A deep learning method developed by RIKEN researchers can accurately predict the destructive power of typhoon-induced storm surges on coastal regions in a fraction of the time of conventional models¹. It promises to buy precious time for coastal residents without compromising accuracy.

The powerful winds and torrential rain generated by typhoons can wreak destruction and loss of life in inland regions. But coastal regions bear the full brunt of their destructive power through a phenomenon known as storm surges. The combination of strong winds and low pressure causes the sea level to rise well above its normal level, resulting in inundation of low-lying areas.

“When the bulge in the water surface reaches the coastline, it can cause flooding similar to that of tsunamis but spread out over two or three days,” explains Iyan Mulia of the RIKEN Prediction Science Laboratory.

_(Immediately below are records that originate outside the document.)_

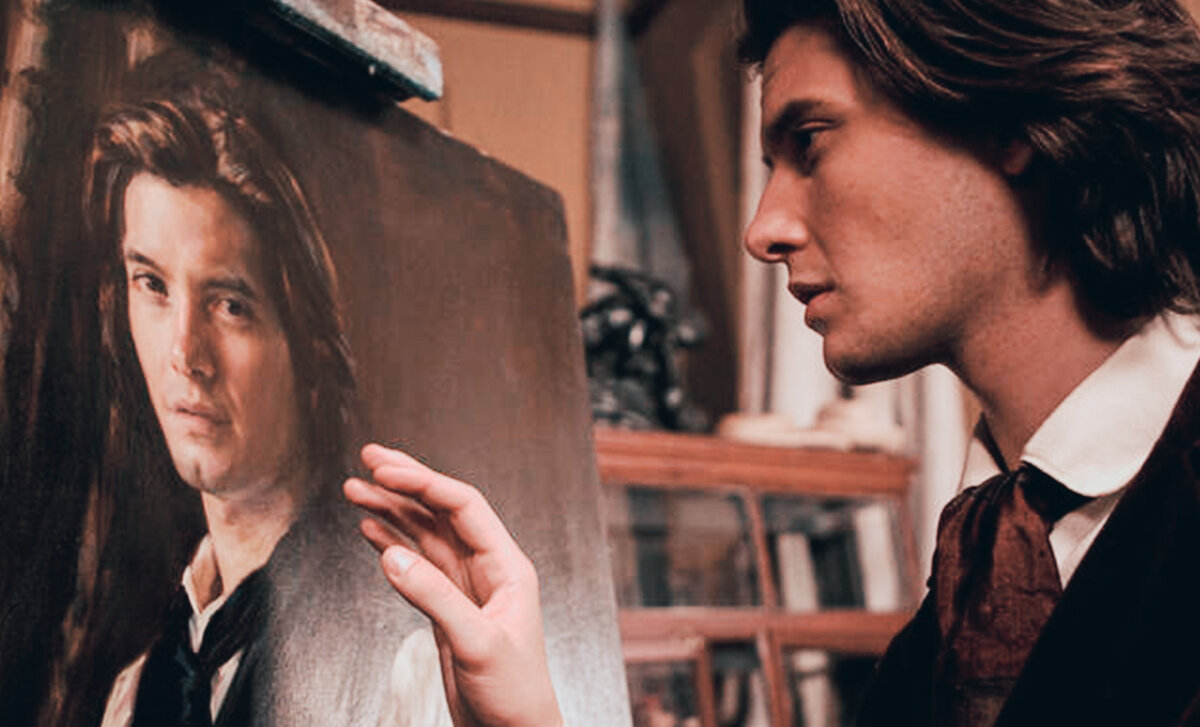 Кадр из фильма "Дориан Грей", 2009 , снятый по мотивам романа Оскара Уйльда "Портрет Дориана Грея"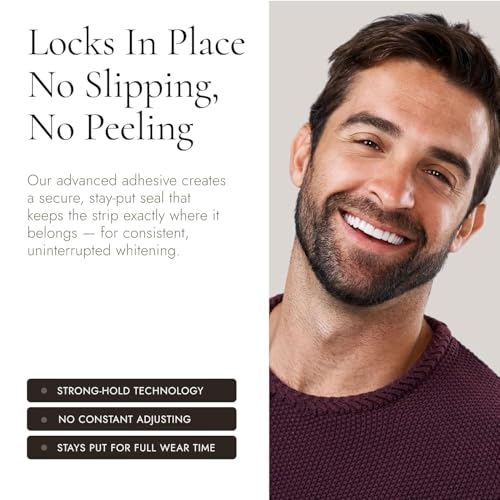 Image of Sheer White! Teeth Whitening Strips - Professional Strength Formula Whitens Up to 5 Shades in 5 Days, Invisible No Slip Strips Mold to Teeth, Enamel Safe Formula, Whiten Anytime - Anywhere!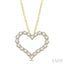Heart Shape Diamond Fashion Pendant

Currently, two kinds of computer models are used to forecast wind and pressure fields for simulating storm surges. Parametric models use statistical calculations determined from past observations. They are quick to perform but can be unreliable under certain conditions. In contrast, numerical weather prediction (NWP) models, which account for the physics involved, are more accurate but take much more time and computing power to perform.

“Parametric models are computationally more efficient but less accurate than NWP models,” says Mulia. “Our goal is to develop a model that is as efficient as parametric models but as accurate as NWP models.”

Now, Mulia and his co-workers have used deep learning to combine the advantages of both models. “Our deep learning model can produce comparable accuracy to NWP models with significantly less computational effort,” says Mulia.

Their model uses deep learning to convert the results of a parametric model into realistic wind and pressure fields within a few seconds on a normal desktop computer. These are then used to calculate the effect on the sea. The team employed this approach because it is much more demanding to calculate atmospheric conditions than water ones.

Even Mulia was surprised at how well the deep learning model performed. “We didn’t expect that the deep learning model could achieve such high accuracy given how complex typhoon structures are,” he says. “For instance, it clearly captures the topographic effect on the wind, which is difficult to achieve using standard parametric models. We’re very happy with the result.”

More testing using larger data sets is needed before the method can be deployed in operational forecasting systems, Mulia notes.

The team is now applying the same approach to other fields such as environmental science and engineering.